I ask one of the young ladies to repeat the Commandments, and she gives me the same, or a part of those rhymed ones which I saw in the Lyons prayer-book, and which I heard quoted in Paris and repeated in the north. And, as once before, the question is asked whether I want the commandments of God, for there are also commandments of the Church, already quoted herein.

I have before mentioned how, in the north of France, Mr. Salmier said that the men talked in church. Mrs. Willems says that there was, in a Belgian village, now more than twenty years ago, a curé who had a flock of which the men were accustomed to leave the church when he went up into his chair of truth, or pulpit. Observing this, the curé took off his white surplice, and went around to the taverns and said, "When you have finished drinking I will finish my sermon." Then they were all afraid, and went back to church. Their habit had been not to leave church entirely, but only while the sermon lasted, and then return.

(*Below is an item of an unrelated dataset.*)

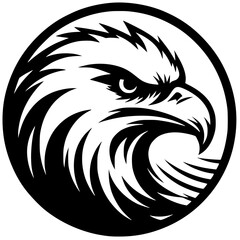 Silhouette of an eagle's head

In the same village, every one went to confession at least once a year, and Madame Willems adds that there was in the village a certain man who was very profane, and to whom the curé gave as a penance to repeat a certain number of prayers. But as he could not read and write, he made use of a chaplet, or rosary. Once he had sworn so much that the curé assigned to him a penance of sixty chaplets. There was in the same village a certain old woman named Marianne, who could not work. She was nearly blind and quite poor, and all the sinners, says Madame W., went to her to get her to pray their chaplets; and the chapel, too, was quite near her, where she went to pray.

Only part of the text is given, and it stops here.